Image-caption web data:
=== Begin Enclosure ===

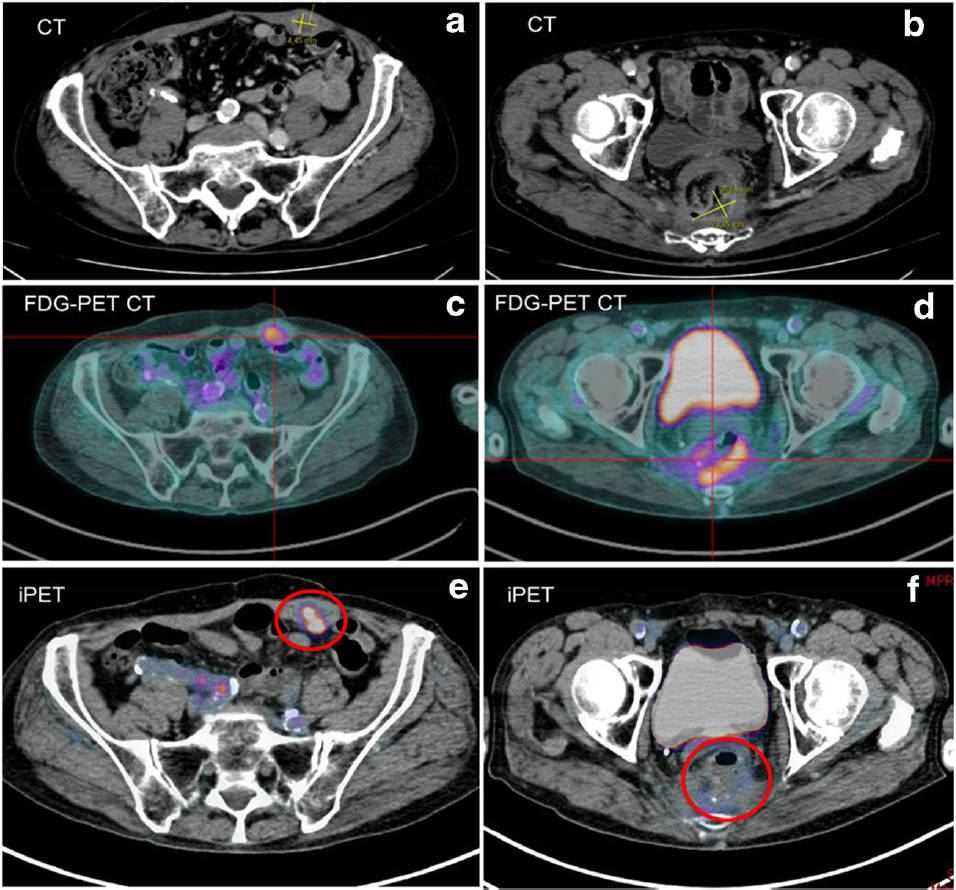 MImaging workup of multiple liver metastases only visualized by immuno-PET. (Touchefeu, et al., 2021)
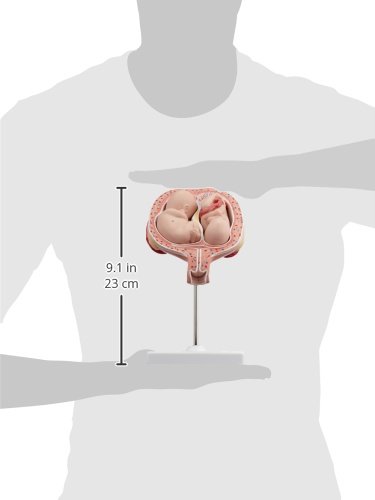 3b-scientific-zwillingsfeten-5-monat-normale-position-3b-smart-anatomy-app image 7
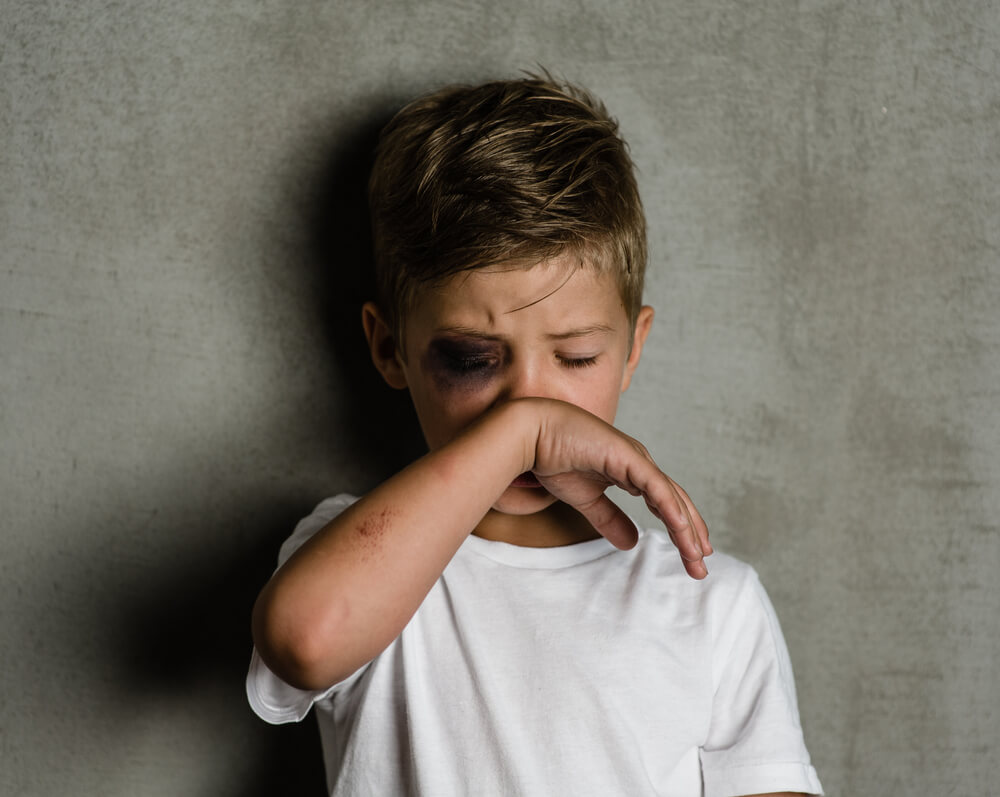 Boy crying with black eye from abused.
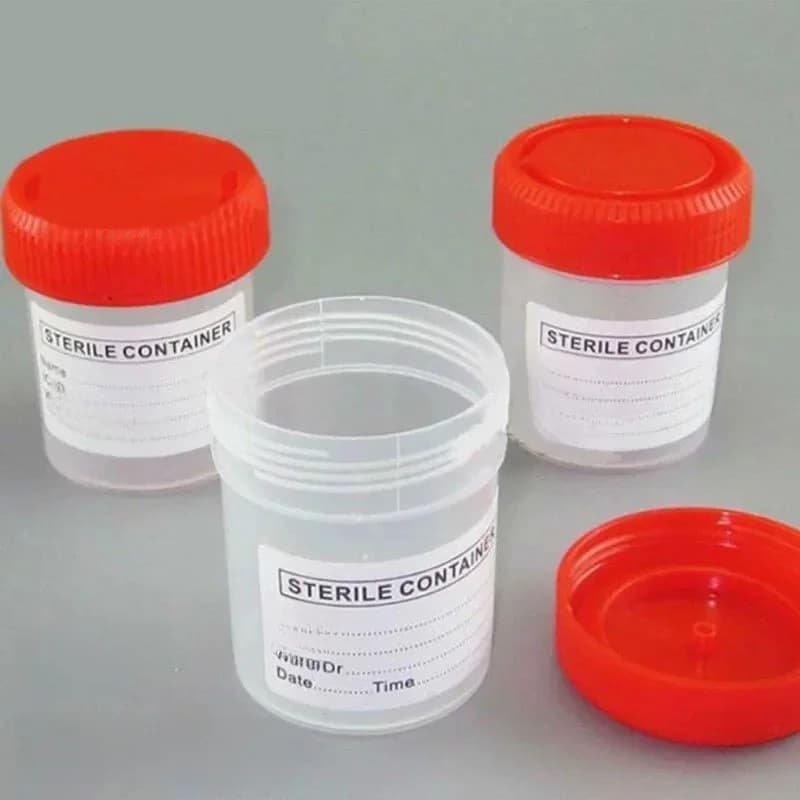 Tasse d'échantillon de collecte d'urine, 5 pièces, bouteille d'échantillon, conteneur de tasse en plastique de 60ML à utiliser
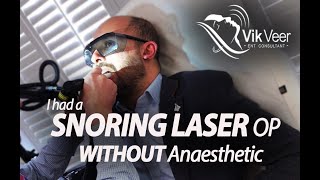 NightLase  Somnilase  Snoring Laser WITHOUT anaesthetic [upl. by Aserej]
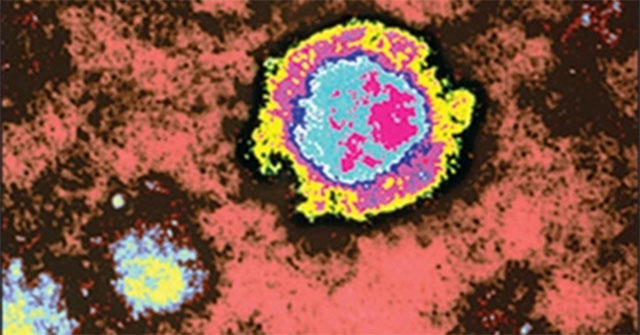 Rare virus that causes nearly 100% death suddenly 're-emerges'
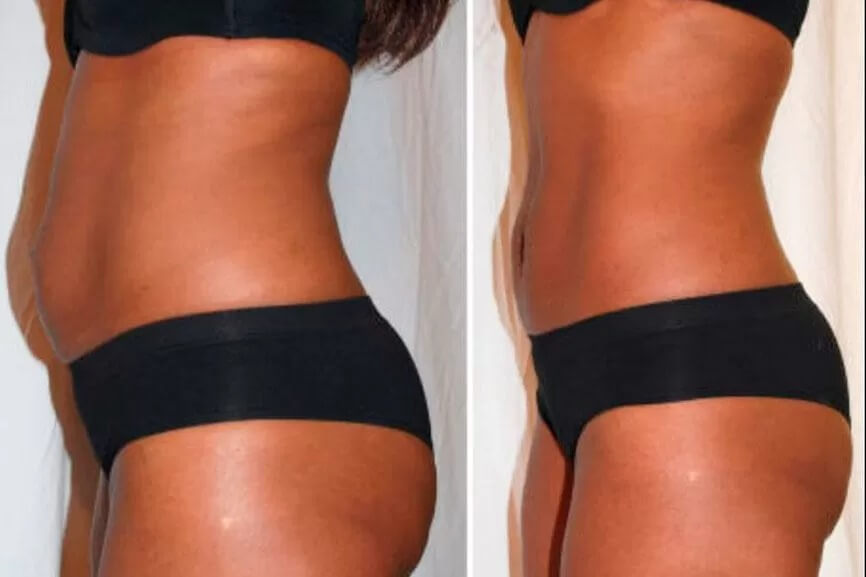 Ультразвуковая липосакция фото до&nbsp;после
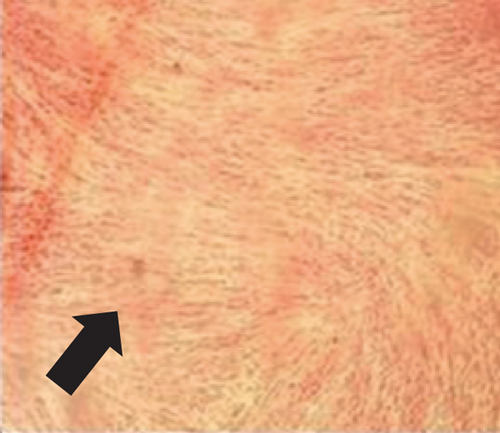 Details are in the caption following the image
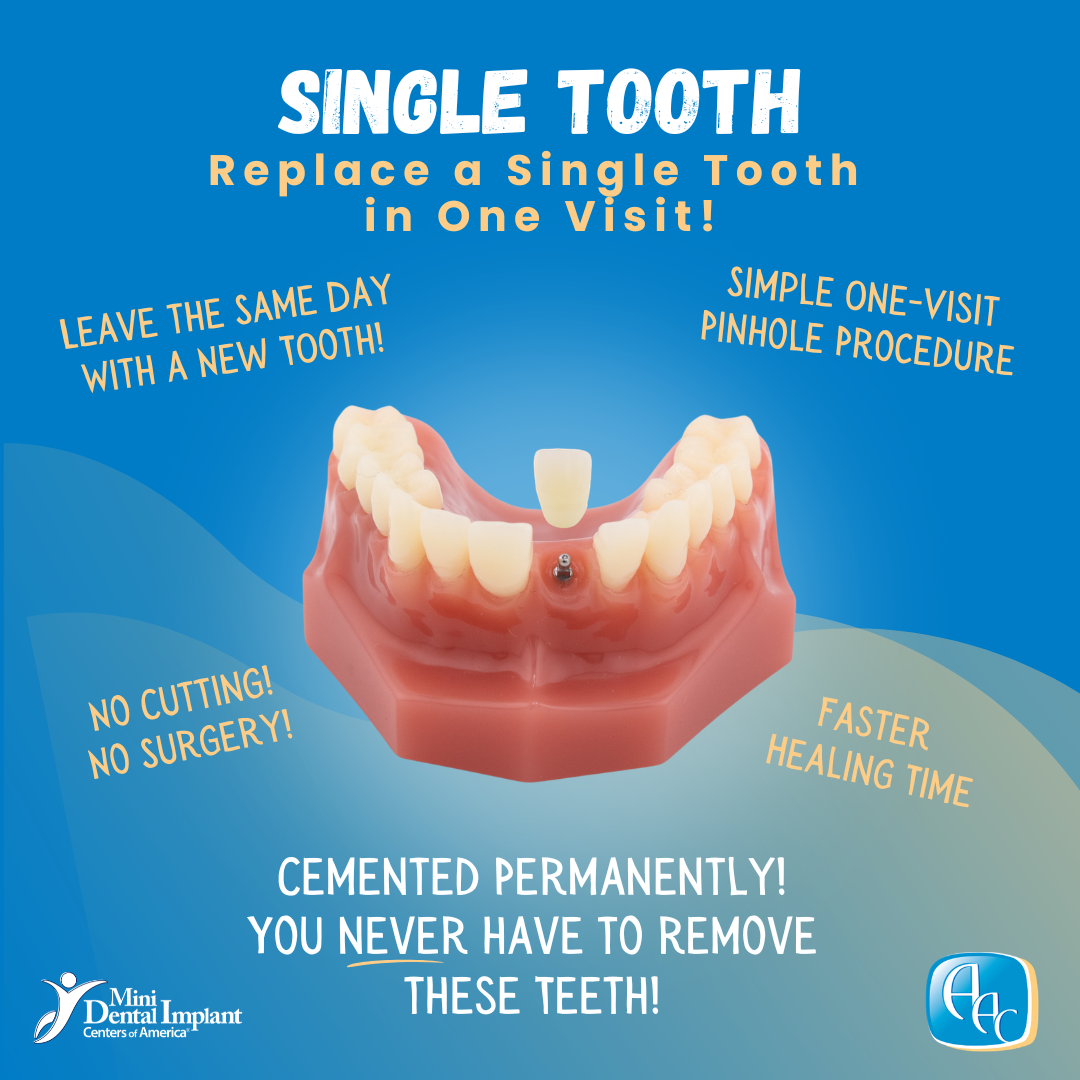 Small-Diameter Dental Implants in Buffalo, NY | Free Consultations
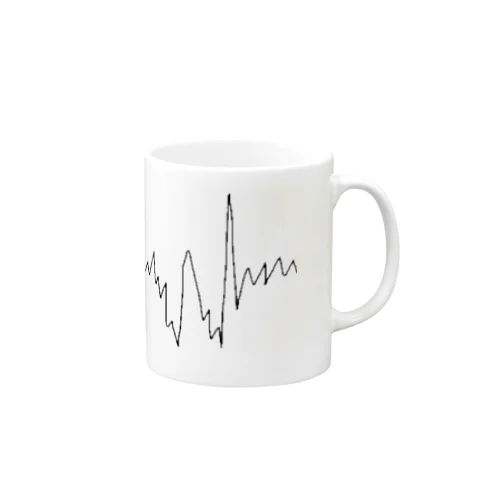 心電図 Mug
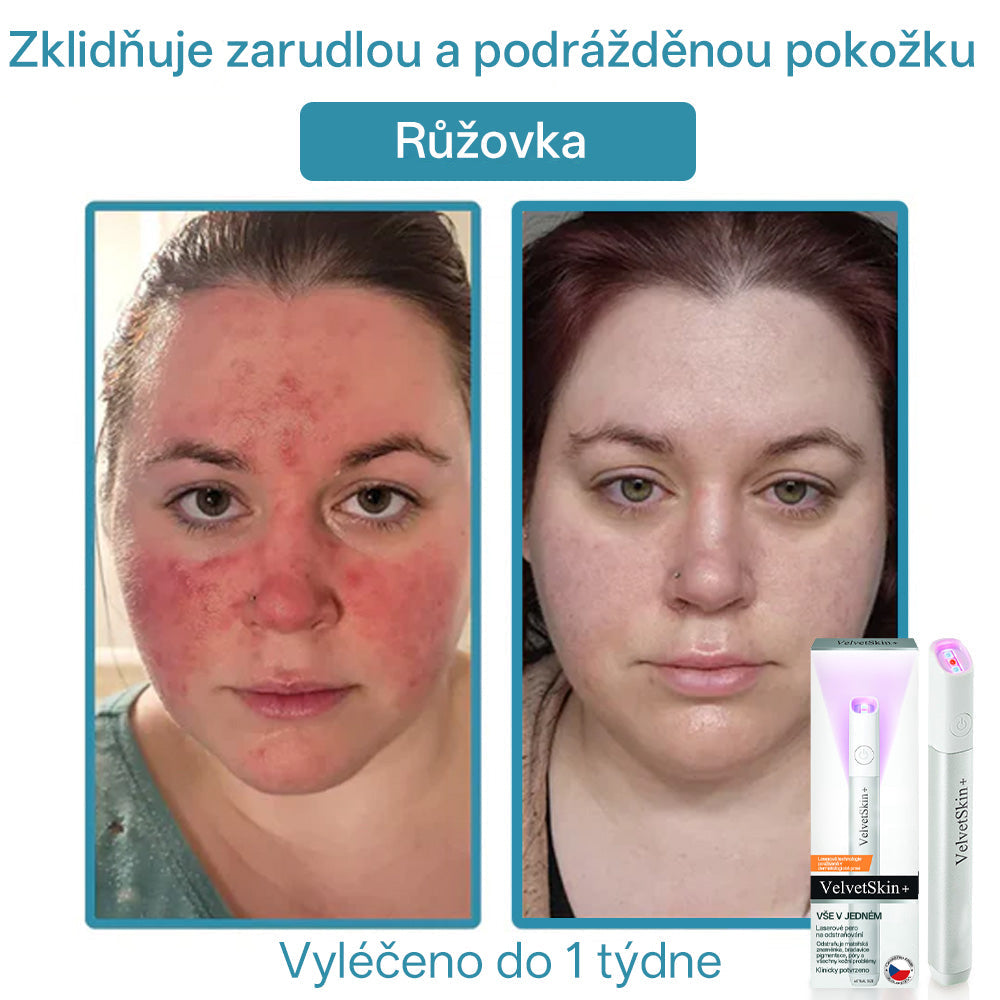 ✨ Bikenda® – CO₂ laserové pero na odstraňování 🟤 mateřských znamének, 🦠 bradavic, 🔘 skvrn a jiných nedokonalostí pleti💢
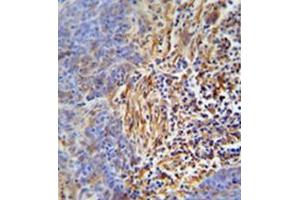 Immunohistochemistry analysis in formalin fixed and paraffin embedded human lung carcinoma reacted with HLA-DRB5 Antibody (Center) followed which was peroxidase conjugated to the secondary antibody and followed by DAB staining.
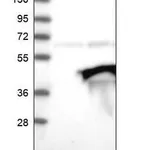 Merck ANTI-UBXN8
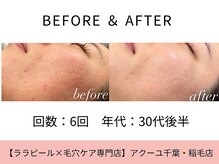 ア クーユ 稲毛店/ララピール/毛穴/ニキビケア美肌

=== End Enclosure ===

Activity:
Retype all the records shown above, character for character. Omit every picture.

Your solution:
 MImaging workup of multiple liver metastases only visualized by immuno-PET. (Touchefeu, et al., 2021)
 3b-scientific-zwillingsfeten-5-monat-normale-position-3b-smart-anatomy-app image 7
 Boy crying with black eye from abused.
 Tasse d'échantillon de collecte d'urine, 5 pièces, bouteille d'échantillon, conteneur de tasse en plastique de 60ML à utiliser
 NightLase  Somnilase  Snoring Laser WITHOUT anaesthetic [upl. by Aserej]
 Rare virus that causes nearly 100% death suddenly 're-emerges'
 Ультразвуковая липосакция фото до&nbsp;после
 Details are in the caption following the image
 Small-Diameter Dental Implants in Buffalo, NY | Free Consultations
 心電図 Mug
 ✨ Bikenda® – CO₂ laserové pero na odstraňování 🟤 mateřských znamének, 🦠 bradavic, 🔘 skvrn a jiných nedokonalostí pleti💢
 Immunohistochemistry analysis in formalin fixed and paraffin embedded human lung carcinoma reacted with HLA-DRB5 Antibody (Center) followed which was peroxidase conjugated to the secondary antibody and followed by DAB staining.
 Merck ANTI-UBXN8
 ア クーユ 稲毛店/ララピール/毛穴/ニキビケア美肌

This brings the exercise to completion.